You can brand your graphics by choosing the colours and fonts you like. As long as you keep your colours and fonts consistent (as in, don’t use wildly different colours and font combos each time), your graphics will be perfect. I havea blog post on branding basics you can read to get started.
(“Is it important to make the graphics every single time? Like for Facebook, I don’t have to post a photo along with the status update.”)
Oh yeah, the graphics are not mandatory. You can definitely microblog without ‘em. BUT, they do make your micro blog post look more professional. The graphics instantly differentiate your posts as helpful content (which people are interested in) and personal content (which people may not always be interested in).
("What if I already have related photos to go with my captions?")
If you have real photos to go with your captions, prioritize those! It's OK to mix real photos and graphics together on your feed.
10. "If I microblog, does that mean that I don't have to do full-sized blogging?"
Microblogging is awesome, but it has its disadvantages.
- You'll be microblogging on crowded social media platforms. This means that your posts are side-by-side with other people's posts. Your followers could easily be distracted from reading your posts. It's hard to stand out from the crowd.
- Your posts are at the mercy of the social media platforms.
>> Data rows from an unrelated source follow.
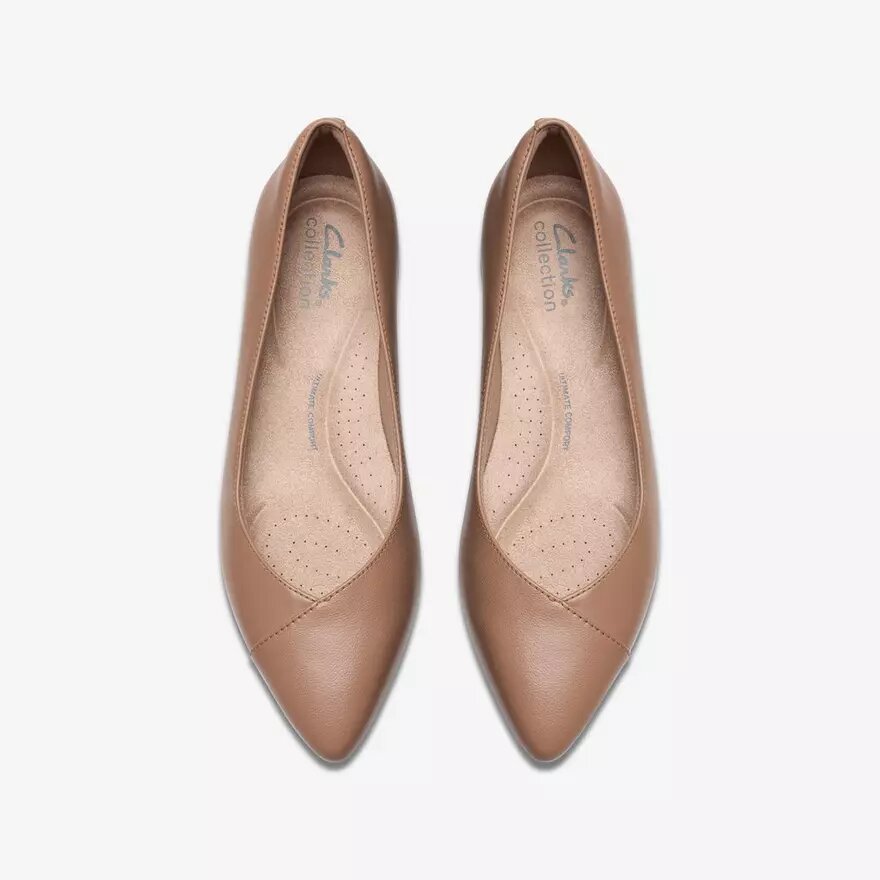 Ballerine da donna Natalyn Wish in pelle beige caldo Ballerine da donna Natalyn Wish in pelle beige caldo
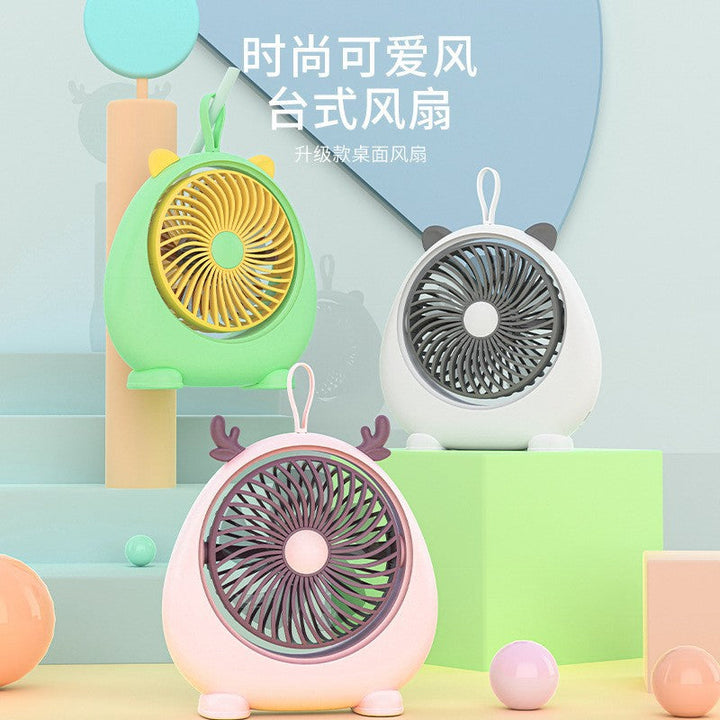 Unisex table fan with cute design Kalsten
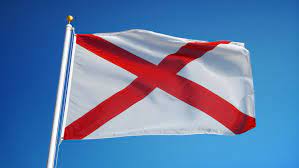 The current flag of alabama (the second in alabama state history) was adopted by act 383 of the alabama state legislature on february 16, 1895: Flags Alabama State Flag Startupacademy Md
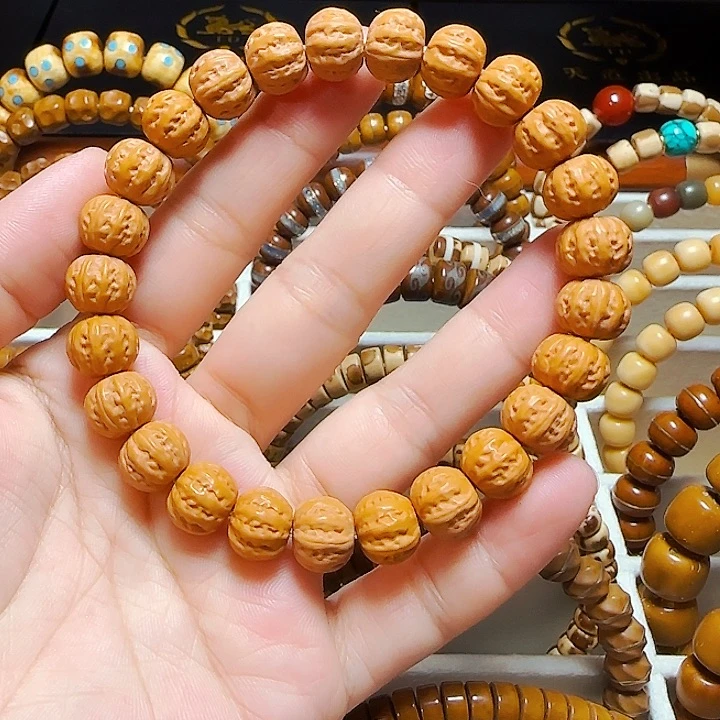 手串猴头核桃京八棱10.7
When Instagram changed its algorithm and started displaying posts differently -- there's been a lot of upset. Because unless your followers have a habit of interacting with your posts, they'd probably never see your posts on their feed.
- You can't brand everything on your social media profiles. Because there's limited space, not everything is open to customization. Which means that you won't be able to express yourself fully in certain parts -- like the 'Bio' or 'Description'!
So the disadvantages of microblogging are the advantages of blogging. On your blog, there's only you. Your posts are displayed however you want them to be. And you can brand your blog like it's your HQ.
But despite that, I still recommend microblogging! Because it takes time to feel comfortable in expressing yourself, your microblog is the perfect space to practice in. And once you want to enjoy what blogging can offer, you can set up a blog. No worries.
("But when I decide to have a blog, what do I do with the content on my microblog?")
All your microblog posts will be useful again when your blog is set up. You can COMPILE your microblog posts into one big blog post, or EXPAND a microblog post into a regular blog post. (I have a tutorial on how to convert your Instagram posts into blog posts!)
11. "How do I find the time to microblog?"
Because each microblog post isn't too long, you can try to squeeze in some writing time in these situations:
- While waiting for your food in restaurants.
- While waiting for your train.
- In the train -- if you have both hands free.
- While you're stuck in a traffic jam and the cars aren't moving at all. (Safety first!)
- Right before bed.
At most, you need 5 minutes for each post! Keep the content short and sweet so that you can post more regularly.
What also helps is if you could plan what you want to write AND make your graphics in advance. For example, if you're planning to post on M-W-F, you could make graphics for all 3 posts the previous Sunday. This way, you can just grab the photo, type the caption and post!
Phew! I've covered the most regular questions I've received about microblogging, but if you have other questions, let me know! I honestly feel that microblogging is something that anyone can do if they want to build a reputation, brand or business. It's more low-effort compared full-sized blogging, especially if you're just starting to get comfortable with sharing. Keep it casual, short and fun and you'll be a natural before you know it!
BTW, are you considering microblogging over full-sized blogging? Why?